CUDA_CACHE_DISABLE=1
n_class=6
n_epochs=30
weight_decay=5e-7
data_train=f'{data_dir}/datafiles/tr.json'
data_val=f'{data_dir}/datafiles/val.json'
label_csv=f'{data_dir}/class_labels_indices_vs.csv'
save_model=True
n_print_steps=100
num_workers=8

In [8]:
audio_conf = {'num_mel_bins': 128, 'target_length': 512, 'freqm': freqm, 'timem': timem, 'mixup': mixup, 'mode': 'train'}

In [9]:
print('balanced sampler is not used')
train_loader = torch.utils.data.DataLoader(
    dataloaders.VSDataset(data_train, label_csv=label_csv, audio_conf=audio_conf, raw_wav_mode=False, specaug=True),
    batch_size=batch_size, shuffle=True, num_workers=num_workers, pin_memory=True)

balanced sampler is not used


In [10]:
val_audio_conf = {'num_mel_bins': 128, 'target_length': 512, 'mixup': 0, 'mode': 'test'}

In [11]:
val_loader = torch.utils.data.DataLoader(
    dataloaders.VSDataset(data_val, label_csv=label_csv, audio_conf=val_audio_conf, raw_wav_mode=False),
    batch_size=200, shuffle=False, num_workers=num_workers, pin_memory=True)

In [12]:
if model == 'eff_mean':
    audio_model = models.EffNetMean(label_dim=n_class, level=model_size, pretrain=imagenet_pretrain)
else:
    raise ValueError('Model Unrecognized')


not using imagenet pretrained network


In [13]:
# start training
if os.path.exists(exp_dir):
    print(f"Deleting existing experiment directory {exp_dir}")
    shutil.rmtree(exp_dir)
print(f"\nCreating experiment directory: {exp_dir}")
os.makedirs(f"{exp_dir}/models")
#with open("%s/args.pkl" % exp_dir, "wb") as f:
#    pickle.dump(args, f)

Deleting existing experiment directory /home/jake/repositories/VocalSound-project/exp/vocalsound-eff_mean-0.0001

Creating experiment directory: /home/jake/repositories/VocalSound-project/exp/vocalsound-eff_mean-0.0001


In [14]:
print('Now starting training for {:d} epochs'.format(n_epochs))
train(audio_model, train_loader, val_loader, exp_dir,lr,weight_decay,n_epochs,n_print_steps,save_model)

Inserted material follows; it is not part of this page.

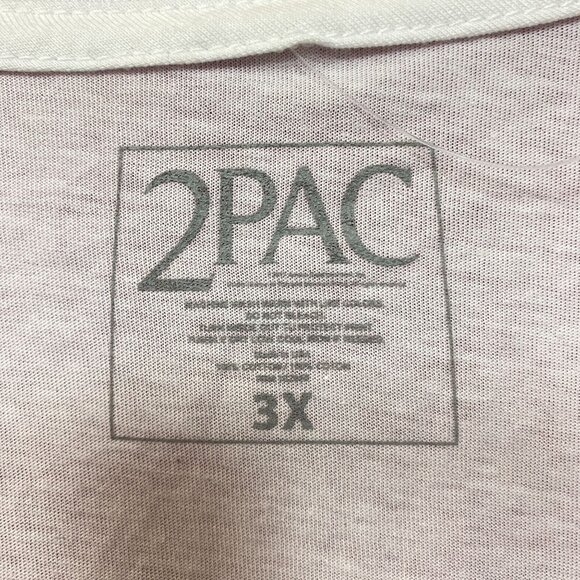 2Pac Only God Can Judge Me Neon Cross Rap Crop Top 3X - Picture 4 of 4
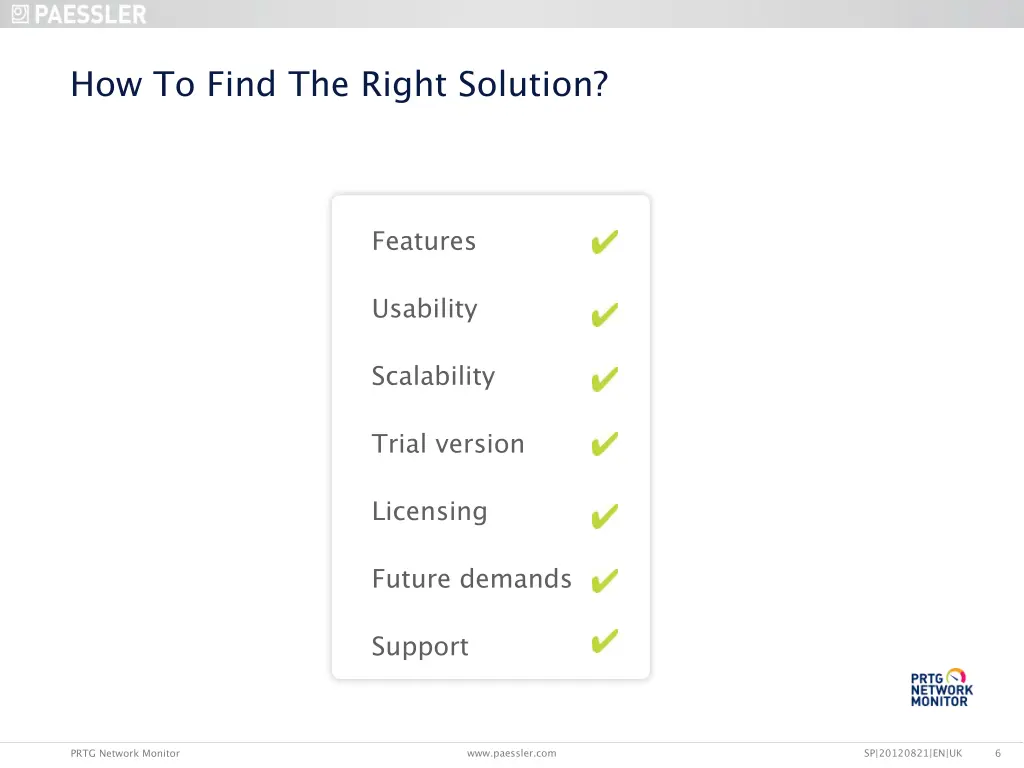 how to find the right solution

Now starting training for 30 epochs
cuda
Total parameter number is : 4.015 million
Total trainable parameter number is : 4.015 million
now use new scheduler
current #steps=0, #epochs=1
start training...
2022-07-16 17:44:45.169260
Epoch: [1][100/243]	Per Sample Total Time 0.00278	Per Sample Data Time 0.00008	Per Sample DNN Time 0.00269	Train Loss 1.6997	
Epoch: [1][200/243]	Per Sample Total Time 0.00262	Per Sample Data Time 0.00004	Per Sample DNN Time 0.00258	Train Loss 1.6541	
start validation
validation finished
---------------------Epoch 1 Results---------------------
ACC: 0.167116
mAP: 0.196946
AUC: 0.552512
Avg Precision: 0.184412
Avg Recall: 0.542327
d_prime: 0.186691
train_loss: 1.738725
valid_loss: 1.796750
Epoch-1 lr: 0.0001
epoch 1 training time: 43.053
2022-07-16 17:45:28.222703
Epoch: [2][57/243]	Per Sample Total Time 0.00261	Per Sample Data Time 0.00013	Per Sample DNN Time 0.00248	Train Loss 1.6913	
Epoch: [2][157/243]	Per Sample Total Time 0.00251	Per Sample Data Time 0.00

In [15]:
# test on the test set and sub-test set, model selected on the validation set
device = torch.device("cuda" if torch.cuda.is_available() else "cpu")
sd = torch.load(exp_dir + '/models/best_audio_model.pth', map_location=device)
audio_model = torch.nn.DataParallel(audio_model)
audio_model.load_state_dict(sd)

<All keys matched successfully>

In [16]:
all_res = []

In [17]:
# best model on the validation set, repeat to confirm
stats, _ = validate(audio_model, val_loader, exp_dir, 'valid_set')
# note it is NOT mean of class-wise accuracy
val_acc = stats[0]['acc']
val_mAUC = np.mean([stat['auc'] for stat in stats])
print('---------------evaluate on the validation set---------------')
print("Accuracy: {:.6f}".format(val_acc))
all_res.append(val_acc)

---------------evaluate on the validation set---------------
Accuracy: 0.899730


In [18]:
# test the model on the evaluation set
data_eval_list = ['te.json', 'subtest/te_age1.json', 'subtest/te_age2.json', 'subtest/te_age3.json', 'subtest/te_female.json', 'subtest/te_male.json']
eval_name_list = ['all_test', 'test age 18-25', 'test age 26-48', 'test age 49-80', 'test female', 'test male']

In [19]:
data_dir = '/'.join(data_val.split('/')[:-1])
for idx, cur_eval in enumerate(data_eval_list):
    cur_eval = data_dir + '/' + cur_eval
    eval_loader = torch.utils.data.DataLoader(
        dataloaders.VSDataset(cur_eval, label_csv=label_csv, audio_conf=val_audio_conf),
        batch_size=batch_size*2, shuffle=False, num_workers=num_workers, pin_memory=True)
    stats, _ = validate(audio_model, eval_loader, exp_dir, eval_name_list[idx])
    eval_acc = stats[0]['acc']
    all_res.append(eval_acc)
    print('---------------evaluate on {:s}---------------'.format(eval_name_list[idx]))
    print("Accuracy: {:.6f}".format(eval_acc))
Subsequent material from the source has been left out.